== TASK STATEMENT ==
Look through the data below for the line with "Crocs™ Jibbitz Black Game Controller", and transcribe it exactly together with each line after it up to and including the line with "View (from property/room)". Give nothing else.
PROVIDED DATA Block Start
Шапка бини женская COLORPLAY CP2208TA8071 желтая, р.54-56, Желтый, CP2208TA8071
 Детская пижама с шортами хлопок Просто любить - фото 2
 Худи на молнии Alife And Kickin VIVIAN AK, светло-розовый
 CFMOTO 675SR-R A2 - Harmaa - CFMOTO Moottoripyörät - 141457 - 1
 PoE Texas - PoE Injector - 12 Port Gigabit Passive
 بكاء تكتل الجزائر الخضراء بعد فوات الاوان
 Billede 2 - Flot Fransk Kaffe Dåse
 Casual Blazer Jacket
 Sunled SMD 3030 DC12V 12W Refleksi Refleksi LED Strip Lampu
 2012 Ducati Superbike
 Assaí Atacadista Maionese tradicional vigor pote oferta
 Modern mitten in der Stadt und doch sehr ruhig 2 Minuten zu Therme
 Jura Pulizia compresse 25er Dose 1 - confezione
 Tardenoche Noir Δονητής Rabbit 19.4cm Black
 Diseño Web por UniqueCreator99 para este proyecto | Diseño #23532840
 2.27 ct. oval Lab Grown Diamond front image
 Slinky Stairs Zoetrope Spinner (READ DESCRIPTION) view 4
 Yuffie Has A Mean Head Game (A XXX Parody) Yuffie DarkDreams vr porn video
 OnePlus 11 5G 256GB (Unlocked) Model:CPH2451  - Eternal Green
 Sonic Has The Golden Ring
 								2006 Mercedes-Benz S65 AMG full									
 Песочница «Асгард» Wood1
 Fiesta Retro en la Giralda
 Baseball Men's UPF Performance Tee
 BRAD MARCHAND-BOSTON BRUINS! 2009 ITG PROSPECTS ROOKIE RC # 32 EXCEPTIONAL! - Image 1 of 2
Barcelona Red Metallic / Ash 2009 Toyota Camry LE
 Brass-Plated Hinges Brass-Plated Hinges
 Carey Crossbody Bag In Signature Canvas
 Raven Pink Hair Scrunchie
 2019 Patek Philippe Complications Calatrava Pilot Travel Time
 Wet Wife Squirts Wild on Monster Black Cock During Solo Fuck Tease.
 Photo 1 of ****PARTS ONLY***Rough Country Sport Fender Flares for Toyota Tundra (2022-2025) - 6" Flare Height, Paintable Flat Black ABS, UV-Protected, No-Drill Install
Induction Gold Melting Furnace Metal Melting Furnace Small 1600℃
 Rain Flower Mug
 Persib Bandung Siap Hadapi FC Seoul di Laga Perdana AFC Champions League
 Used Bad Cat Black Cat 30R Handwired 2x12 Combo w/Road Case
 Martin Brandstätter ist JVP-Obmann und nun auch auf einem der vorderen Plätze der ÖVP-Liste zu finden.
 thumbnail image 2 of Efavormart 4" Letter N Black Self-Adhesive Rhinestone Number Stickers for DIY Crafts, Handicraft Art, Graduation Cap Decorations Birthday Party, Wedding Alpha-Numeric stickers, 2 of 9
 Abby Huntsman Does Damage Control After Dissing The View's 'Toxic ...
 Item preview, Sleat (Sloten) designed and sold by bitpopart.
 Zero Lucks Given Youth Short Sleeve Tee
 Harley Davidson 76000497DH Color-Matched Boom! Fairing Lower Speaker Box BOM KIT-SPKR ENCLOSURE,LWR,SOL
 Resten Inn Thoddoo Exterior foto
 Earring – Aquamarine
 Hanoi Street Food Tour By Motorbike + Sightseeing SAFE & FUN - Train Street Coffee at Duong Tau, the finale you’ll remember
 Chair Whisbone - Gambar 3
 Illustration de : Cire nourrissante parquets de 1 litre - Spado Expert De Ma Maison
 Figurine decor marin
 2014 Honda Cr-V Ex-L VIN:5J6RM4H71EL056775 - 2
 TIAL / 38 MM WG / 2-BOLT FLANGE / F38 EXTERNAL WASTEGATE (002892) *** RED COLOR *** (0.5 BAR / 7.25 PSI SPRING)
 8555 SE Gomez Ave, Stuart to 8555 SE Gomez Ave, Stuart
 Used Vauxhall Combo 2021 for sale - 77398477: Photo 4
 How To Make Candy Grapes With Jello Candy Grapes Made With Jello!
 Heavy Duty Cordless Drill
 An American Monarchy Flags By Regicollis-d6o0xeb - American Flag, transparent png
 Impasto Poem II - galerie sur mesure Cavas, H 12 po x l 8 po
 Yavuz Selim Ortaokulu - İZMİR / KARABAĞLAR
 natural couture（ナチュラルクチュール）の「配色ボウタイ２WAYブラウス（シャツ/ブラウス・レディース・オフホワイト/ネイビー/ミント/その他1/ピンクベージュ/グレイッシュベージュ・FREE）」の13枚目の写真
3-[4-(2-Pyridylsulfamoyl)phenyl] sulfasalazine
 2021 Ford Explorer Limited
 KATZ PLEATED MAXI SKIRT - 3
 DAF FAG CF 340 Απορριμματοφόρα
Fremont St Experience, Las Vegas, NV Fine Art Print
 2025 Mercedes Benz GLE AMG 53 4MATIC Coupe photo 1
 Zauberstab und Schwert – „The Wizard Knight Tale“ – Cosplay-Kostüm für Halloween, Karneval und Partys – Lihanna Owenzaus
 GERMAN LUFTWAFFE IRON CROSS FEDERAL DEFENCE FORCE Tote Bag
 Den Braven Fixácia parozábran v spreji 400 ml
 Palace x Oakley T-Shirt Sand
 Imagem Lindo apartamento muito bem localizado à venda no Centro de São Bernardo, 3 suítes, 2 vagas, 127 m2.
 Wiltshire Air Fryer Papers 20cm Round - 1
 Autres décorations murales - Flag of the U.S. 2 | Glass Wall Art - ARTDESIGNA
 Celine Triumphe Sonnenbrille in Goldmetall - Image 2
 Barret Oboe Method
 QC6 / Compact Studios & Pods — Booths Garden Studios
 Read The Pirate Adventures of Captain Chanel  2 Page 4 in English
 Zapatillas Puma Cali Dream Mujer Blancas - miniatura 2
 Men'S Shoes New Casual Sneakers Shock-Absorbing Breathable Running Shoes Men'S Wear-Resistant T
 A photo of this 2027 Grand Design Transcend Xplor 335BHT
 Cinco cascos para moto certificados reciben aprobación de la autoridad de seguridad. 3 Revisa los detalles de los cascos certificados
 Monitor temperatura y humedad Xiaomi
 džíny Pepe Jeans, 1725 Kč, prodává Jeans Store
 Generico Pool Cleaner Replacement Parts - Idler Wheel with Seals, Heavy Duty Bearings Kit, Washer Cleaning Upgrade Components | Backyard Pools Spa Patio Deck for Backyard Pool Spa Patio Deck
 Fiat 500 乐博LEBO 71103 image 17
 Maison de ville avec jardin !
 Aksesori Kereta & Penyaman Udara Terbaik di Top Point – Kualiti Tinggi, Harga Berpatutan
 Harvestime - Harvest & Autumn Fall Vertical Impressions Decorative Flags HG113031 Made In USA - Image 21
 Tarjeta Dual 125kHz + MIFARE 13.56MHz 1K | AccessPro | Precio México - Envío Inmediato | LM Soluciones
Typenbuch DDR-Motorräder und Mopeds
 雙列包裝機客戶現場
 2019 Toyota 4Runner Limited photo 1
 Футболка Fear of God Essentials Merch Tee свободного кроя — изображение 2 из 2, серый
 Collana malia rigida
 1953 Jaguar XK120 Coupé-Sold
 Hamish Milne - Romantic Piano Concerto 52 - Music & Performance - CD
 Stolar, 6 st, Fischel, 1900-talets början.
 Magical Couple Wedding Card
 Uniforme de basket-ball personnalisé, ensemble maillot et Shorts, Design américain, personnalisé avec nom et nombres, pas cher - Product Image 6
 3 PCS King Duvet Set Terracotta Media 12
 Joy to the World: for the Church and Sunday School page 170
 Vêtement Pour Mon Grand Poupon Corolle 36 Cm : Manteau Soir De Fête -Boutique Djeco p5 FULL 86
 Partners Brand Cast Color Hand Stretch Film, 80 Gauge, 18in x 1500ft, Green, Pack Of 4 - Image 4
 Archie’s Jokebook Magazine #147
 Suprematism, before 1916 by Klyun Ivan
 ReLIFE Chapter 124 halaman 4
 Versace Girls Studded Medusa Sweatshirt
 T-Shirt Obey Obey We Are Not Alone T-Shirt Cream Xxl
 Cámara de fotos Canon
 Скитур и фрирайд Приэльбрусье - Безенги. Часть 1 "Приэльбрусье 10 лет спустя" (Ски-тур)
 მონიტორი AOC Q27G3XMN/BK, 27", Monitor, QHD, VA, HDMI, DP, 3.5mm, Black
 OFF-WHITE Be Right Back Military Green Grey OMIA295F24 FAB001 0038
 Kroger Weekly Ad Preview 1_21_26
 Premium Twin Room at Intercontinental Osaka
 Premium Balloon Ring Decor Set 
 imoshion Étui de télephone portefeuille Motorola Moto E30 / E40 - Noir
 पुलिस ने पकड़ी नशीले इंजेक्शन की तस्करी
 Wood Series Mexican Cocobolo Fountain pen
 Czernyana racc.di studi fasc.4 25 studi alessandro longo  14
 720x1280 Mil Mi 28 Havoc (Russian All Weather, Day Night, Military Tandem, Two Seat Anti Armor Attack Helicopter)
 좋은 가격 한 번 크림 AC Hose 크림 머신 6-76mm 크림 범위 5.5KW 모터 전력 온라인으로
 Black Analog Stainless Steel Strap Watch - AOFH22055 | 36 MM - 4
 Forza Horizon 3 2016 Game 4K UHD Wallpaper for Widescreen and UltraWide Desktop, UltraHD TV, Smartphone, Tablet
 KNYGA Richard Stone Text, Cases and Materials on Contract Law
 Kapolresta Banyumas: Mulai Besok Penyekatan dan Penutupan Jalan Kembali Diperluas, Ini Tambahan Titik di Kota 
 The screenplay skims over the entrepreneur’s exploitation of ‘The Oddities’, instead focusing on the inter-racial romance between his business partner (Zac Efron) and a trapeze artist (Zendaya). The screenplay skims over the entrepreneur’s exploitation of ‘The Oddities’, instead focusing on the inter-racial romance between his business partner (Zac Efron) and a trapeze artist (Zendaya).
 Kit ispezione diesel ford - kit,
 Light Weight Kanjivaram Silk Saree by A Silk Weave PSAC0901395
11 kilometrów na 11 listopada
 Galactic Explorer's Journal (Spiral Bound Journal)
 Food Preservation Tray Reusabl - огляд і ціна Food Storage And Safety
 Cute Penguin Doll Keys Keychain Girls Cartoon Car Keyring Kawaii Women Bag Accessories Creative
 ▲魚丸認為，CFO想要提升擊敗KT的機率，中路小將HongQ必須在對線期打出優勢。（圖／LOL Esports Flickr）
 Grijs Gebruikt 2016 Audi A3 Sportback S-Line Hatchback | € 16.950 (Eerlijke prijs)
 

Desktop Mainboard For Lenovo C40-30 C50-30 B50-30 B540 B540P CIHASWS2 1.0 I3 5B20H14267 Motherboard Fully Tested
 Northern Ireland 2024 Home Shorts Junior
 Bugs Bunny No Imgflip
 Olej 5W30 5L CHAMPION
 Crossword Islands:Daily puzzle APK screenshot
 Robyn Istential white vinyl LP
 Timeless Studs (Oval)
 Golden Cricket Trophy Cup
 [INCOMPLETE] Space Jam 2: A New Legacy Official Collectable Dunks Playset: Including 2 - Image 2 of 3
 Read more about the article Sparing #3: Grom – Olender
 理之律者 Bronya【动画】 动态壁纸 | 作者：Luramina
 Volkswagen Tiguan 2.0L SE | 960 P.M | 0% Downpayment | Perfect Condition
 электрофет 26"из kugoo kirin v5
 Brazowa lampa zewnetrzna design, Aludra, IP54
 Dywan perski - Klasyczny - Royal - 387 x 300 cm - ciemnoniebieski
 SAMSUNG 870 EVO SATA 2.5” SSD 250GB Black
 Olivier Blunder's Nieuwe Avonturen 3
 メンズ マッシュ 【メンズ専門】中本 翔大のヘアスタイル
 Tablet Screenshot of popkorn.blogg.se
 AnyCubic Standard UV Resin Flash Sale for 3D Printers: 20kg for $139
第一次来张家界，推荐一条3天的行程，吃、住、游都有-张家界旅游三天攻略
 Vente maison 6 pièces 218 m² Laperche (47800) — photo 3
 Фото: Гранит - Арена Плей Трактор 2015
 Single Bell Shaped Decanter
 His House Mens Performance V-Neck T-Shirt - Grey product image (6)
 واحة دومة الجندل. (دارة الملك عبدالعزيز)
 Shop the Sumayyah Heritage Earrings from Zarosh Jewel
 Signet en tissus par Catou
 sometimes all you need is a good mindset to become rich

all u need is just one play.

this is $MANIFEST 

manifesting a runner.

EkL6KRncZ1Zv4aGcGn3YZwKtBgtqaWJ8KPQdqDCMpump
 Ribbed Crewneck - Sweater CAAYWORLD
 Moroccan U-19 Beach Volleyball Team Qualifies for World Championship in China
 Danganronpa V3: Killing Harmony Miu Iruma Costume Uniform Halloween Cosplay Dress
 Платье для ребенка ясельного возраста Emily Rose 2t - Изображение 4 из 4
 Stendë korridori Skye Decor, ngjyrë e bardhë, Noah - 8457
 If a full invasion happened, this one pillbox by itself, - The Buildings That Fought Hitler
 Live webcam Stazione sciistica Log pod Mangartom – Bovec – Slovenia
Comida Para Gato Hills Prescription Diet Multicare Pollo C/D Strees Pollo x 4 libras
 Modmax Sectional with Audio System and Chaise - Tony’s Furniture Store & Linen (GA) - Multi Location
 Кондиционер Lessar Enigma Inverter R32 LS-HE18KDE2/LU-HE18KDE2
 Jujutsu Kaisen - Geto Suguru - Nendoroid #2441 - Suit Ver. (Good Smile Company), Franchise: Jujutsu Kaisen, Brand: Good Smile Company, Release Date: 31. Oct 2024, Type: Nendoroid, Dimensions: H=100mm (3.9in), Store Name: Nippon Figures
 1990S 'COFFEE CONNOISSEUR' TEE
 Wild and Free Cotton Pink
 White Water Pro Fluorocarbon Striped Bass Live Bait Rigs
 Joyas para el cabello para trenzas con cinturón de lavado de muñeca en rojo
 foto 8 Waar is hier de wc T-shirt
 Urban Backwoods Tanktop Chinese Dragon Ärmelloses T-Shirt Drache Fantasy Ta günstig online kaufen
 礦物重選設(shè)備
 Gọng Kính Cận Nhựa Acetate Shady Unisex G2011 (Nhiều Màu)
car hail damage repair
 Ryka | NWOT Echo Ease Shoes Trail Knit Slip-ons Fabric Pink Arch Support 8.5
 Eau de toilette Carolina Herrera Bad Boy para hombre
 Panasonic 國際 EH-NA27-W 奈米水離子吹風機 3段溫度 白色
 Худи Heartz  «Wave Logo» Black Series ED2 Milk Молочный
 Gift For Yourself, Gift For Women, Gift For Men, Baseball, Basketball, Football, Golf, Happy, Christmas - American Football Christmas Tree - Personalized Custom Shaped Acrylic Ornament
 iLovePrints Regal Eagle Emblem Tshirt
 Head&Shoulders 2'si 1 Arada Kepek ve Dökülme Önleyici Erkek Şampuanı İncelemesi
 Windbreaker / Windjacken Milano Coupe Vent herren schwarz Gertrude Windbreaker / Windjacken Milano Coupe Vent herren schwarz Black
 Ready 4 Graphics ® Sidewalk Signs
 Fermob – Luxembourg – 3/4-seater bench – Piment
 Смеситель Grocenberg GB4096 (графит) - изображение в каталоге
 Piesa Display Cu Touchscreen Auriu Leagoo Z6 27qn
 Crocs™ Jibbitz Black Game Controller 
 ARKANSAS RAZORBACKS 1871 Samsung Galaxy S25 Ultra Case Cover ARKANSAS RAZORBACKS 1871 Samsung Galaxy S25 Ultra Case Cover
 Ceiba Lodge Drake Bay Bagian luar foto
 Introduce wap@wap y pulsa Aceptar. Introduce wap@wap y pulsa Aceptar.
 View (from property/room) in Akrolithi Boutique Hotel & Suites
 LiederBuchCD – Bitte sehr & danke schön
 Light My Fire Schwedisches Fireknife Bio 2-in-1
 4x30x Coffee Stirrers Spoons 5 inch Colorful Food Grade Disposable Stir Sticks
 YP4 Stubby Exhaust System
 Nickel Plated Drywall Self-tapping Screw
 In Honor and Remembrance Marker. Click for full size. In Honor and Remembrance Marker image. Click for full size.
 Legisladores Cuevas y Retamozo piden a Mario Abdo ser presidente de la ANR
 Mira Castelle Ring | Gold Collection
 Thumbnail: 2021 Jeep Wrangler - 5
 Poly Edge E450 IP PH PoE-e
PROVIDED DATA Block End
== EXERCISE RESULT ==
 Crocs™ Jibbitz Black Game Controller 
 ARKANSAS RAZORBACKS 1871 Samsung Galaxy S25 Ultra Case Cover ARKANSAS RAZORBACKS 1871 Samsung Galaxy S25 Ultra Case Cover
 Ceiba Lodge Drake Bay Bagian luar foto
 Introduce wap@wap y pulsa Aceptar. Introduce wap@wap y pulsa Aceptar.
 View (from property/room) in Akrolithi Boutique Hotel & Suites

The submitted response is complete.